----- PROVIDED RECORDS

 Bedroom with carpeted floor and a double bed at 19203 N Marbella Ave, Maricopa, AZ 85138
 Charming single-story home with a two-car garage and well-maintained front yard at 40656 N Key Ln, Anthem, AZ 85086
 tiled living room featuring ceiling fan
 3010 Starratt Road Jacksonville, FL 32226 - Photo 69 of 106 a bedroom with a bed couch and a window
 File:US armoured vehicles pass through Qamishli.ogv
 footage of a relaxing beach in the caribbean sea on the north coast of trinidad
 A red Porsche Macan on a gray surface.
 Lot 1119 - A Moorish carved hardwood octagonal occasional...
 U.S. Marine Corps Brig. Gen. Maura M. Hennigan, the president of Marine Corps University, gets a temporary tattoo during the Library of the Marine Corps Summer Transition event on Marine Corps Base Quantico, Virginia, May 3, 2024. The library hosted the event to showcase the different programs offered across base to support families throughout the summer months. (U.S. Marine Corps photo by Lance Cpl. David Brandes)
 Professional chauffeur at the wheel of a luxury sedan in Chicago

----------

Lines from the first one above through the line containing "Lot 1119 - A" are to be retyped exactly, both included, and nothing more.

* [FINAL ANSWER]
 Bedroom with carpeted floor and a double bed at 19203 N Marbella Ave, Maricopa, AZ 85138
 Charming single-story home with a two-car garage and well-maintained front yard at 40656 N Key Ln, Anthem, AZ 85086
 tiled living room featuring ceiling fan
 3010 Starratt Road Jacksonville, FL 32226 - Photo 69 of 106 a bedroom with a bed couch and a window
 File:US armoured vehicles pass through Qamishli.ogv
 footage of a relaxing beach in the caribbean sea on the north coast of trinidad
 A red Porsche Macan on a gray surface.
 Lot 1119 - A Moorish carved hardwood octagonal occasional...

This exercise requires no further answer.